== TASK INPUTS
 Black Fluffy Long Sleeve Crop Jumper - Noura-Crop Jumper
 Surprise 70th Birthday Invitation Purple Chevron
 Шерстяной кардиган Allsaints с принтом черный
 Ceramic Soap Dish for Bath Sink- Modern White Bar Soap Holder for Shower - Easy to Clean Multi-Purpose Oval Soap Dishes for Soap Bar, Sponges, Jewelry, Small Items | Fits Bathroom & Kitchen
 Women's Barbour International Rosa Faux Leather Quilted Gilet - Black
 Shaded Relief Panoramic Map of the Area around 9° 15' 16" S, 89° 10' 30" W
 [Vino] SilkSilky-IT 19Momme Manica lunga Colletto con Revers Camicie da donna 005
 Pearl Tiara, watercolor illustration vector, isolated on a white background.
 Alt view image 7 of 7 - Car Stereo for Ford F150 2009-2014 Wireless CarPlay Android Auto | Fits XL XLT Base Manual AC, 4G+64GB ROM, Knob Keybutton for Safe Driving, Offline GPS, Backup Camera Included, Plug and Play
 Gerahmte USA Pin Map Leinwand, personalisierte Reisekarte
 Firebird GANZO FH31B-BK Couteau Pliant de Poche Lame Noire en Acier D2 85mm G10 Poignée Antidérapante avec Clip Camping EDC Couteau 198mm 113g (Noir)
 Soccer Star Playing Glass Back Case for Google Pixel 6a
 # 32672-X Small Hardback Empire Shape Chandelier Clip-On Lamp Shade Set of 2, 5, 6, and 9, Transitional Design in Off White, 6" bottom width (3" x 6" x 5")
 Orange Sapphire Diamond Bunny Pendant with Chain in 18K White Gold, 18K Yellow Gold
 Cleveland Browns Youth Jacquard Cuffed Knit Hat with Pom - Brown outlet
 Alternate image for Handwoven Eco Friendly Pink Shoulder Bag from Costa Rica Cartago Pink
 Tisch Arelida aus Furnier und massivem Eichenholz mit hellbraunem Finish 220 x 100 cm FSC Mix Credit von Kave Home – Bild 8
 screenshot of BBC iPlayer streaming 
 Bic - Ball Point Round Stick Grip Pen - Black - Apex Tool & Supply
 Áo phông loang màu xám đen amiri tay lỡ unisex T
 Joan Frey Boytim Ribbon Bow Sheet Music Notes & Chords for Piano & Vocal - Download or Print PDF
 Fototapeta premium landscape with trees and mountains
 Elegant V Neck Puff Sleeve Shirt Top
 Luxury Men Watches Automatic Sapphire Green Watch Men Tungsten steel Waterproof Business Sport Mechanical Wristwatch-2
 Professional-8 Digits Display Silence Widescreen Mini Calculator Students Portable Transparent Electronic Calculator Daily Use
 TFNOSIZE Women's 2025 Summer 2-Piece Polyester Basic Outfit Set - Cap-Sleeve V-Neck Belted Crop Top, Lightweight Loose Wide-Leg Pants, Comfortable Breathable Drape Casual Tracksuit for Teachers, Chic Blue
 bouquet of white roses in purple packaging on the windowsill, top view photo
====
* TASK TO CARRY OUT: From the data above, pick out each line containing "image" and copy it.

* TASK RESULT:
 Alt view image 7 of 7 - Car Stereo for Ford F150 2009-2014 Wireless CarPlay Android Auto | Fits XL XLT Base Manual AC, 4G+64GB ROM, Knob Keybutton for Safe Driving, Offline GPS, Backup Camera Included, Plug and Play
 Alternate image for Handwoven Eco Friendly Pink Shoulder Bag from Costa Rica Cartago Pink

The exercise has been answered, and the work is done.